屋外照明に対する消灯を呼びかける際、呼びかける側になんらかの損害が存在するとき、星空を守る会名で呼びかけられる。逆に言うと「エネルギーの節約による温暖化の防止を目的として、ライトダウンを呼びかける」等、純粋に動機がエコロジー思想のような信条的傾向が強い場合、現実にはより大きな反響が得られる場合が多々あるが、何を言いたいのかを区別するため、この会の名称を使わないという慣例ができている。従って星空を守る会という名が出たとき、ライトアップしている側と、それをやめさせようとしている側との間には、何らかの実質的な利害上の対立があると言う、指標になっているとも言える。
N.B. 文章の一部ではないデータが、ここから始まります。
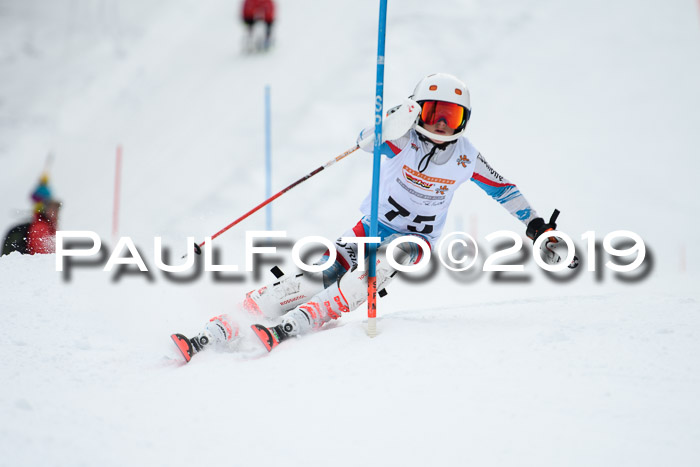 DSV Dt. Schülercup U14 SL 20.01.2019 Slalom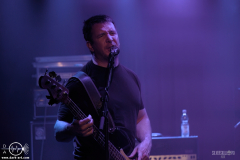 FavRelDSC_5985X-low-light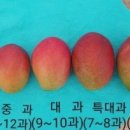 신라농장 이미지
この性格は問題の中身を第3者が推定するのに、かなり役立つかもしれない。
星空を守る会はその実績において、類似名称の日本星空を守る会や、岐阜夜空を守る会に必ずしも勝るとはいえない。が類似名称の団体とは、上記のようにして区別する事ができる。むろん参画者の中には複数にまたがる団体で、幅広く活動している者もいる。
現在の星空を守る会は、スイフト=タトル彗星が発見される少し前の1990年頃、アマチュア天文家の藪田徹と現会長の古在由秀らが、当時の鈴木俊一都知事に、知事の始めた東京都庁のライトアップの中止を要求し、都庁の担当に面会を求めたときに始まる。当時は会が何者かがはっきりしない面があった。がその後、現事務局の天体捜索家の大友哲が加わり、更に国立天文台天文情報センター広報室長の渡部潤一助教授が、一時期これに参加して、大きな彗星の接近、木星に衝突する彗星の出現のたびに、ライトダウンを呼びかける活動を繰り返した結果、この会の方向がほぼ定まったとみられる。
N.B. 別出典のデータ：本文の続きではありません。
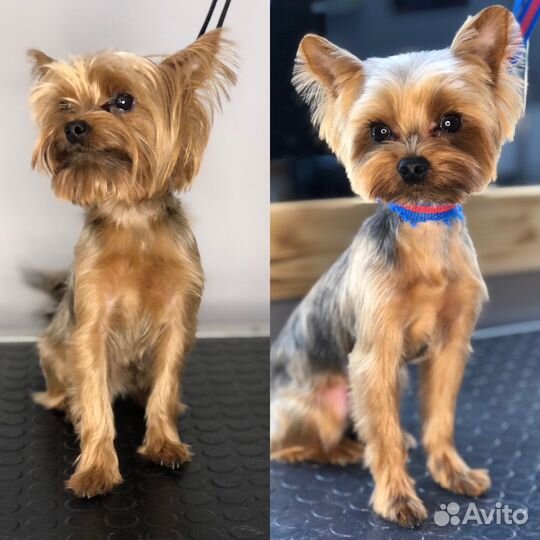 Требуется модель собачки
なお2005年10月現在、この会は会長を元国立天文台台長の古在由秀が、事務局を小惑星捜索家の大友哲がつとめる。また、アメリカのアリゾナ州ツーソン市に本部のある、インターナショナルダークスカイアソシエーションの日本支部も兼ね、古在由秀および民間企業勤務の内田重美がサポートしている。なおツーソン市は、キットピーク天文台に最も近い町として有名である。
ちなみに会長の古在由秀が、かつて代表をつとめた事のある国際天文学連合には、天体観測環境を問題にするセクションがあり、元国立天文台の磯部琇三がそこを舞台に活動し、インターナショナルダークスカイアソシェーション日本支部としての活動を、かなり支援していた事がある。